▸ Task to complete
Determine how many lines in the material below contain the word "Vintage", and give that number without comment.

▸ Exercise materials
>>>>
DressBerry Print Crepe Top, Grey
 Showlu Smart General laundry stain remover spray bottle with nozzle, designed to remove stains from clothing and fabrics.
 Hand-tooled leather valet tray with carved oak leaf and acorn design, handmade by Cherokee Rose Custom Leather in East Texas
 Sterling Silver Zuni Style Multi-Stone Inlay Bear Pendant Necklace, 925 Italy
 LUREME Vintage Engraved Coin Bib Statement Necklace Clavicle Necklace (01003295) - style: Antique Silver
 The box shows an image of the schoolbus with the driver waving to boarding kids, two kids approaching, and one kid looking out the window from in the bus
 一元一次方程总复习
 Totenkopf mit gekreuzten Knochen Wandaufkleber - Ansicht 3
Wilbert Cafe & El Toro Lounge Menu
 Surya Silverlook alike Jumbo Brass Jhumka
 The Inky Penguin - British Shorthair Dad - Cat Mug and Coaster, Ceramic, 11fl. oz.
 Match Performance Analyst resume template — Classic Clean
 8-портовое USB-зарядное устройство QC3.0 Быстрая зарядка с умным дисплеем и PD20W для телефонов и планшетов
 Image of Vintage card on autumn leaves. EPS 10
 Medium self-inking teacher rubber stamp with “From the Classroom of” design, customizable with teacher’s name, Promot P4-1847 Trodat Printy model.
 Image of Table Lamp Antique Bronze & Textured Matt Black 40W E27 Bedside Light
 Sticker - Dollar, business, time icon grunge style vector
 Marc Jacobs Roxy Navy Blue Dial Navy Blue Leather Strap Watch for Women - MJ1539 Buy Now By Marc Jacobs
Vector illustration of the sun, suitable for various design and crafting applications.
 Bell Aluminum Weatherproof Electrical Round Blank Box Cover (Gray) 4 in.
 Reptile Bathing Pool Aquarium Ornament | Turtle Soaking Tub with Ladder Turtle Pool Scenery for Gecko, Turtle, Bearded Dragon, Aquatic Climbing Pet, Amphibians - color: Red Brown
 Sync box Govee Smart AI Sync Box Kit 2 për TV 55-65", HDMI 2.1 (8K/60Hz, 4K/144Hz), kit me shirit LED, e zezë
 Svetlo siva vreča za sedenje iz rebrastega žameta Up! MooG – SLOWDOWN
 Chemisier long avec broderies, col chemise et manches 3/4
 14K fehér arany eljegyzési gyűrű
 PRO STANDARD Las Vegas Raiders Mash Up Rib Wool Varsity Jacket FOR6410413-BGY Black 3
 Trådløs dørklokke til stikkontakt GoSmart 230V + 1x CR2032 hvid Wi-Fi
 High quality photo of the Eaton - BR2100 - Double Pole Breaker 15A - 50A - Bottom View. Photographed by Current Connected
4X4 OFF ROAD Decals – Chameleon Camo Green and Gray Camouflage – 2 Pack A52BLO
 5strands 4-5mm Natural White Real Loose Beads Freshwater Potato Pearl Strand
<<<<
▸ The completed task
2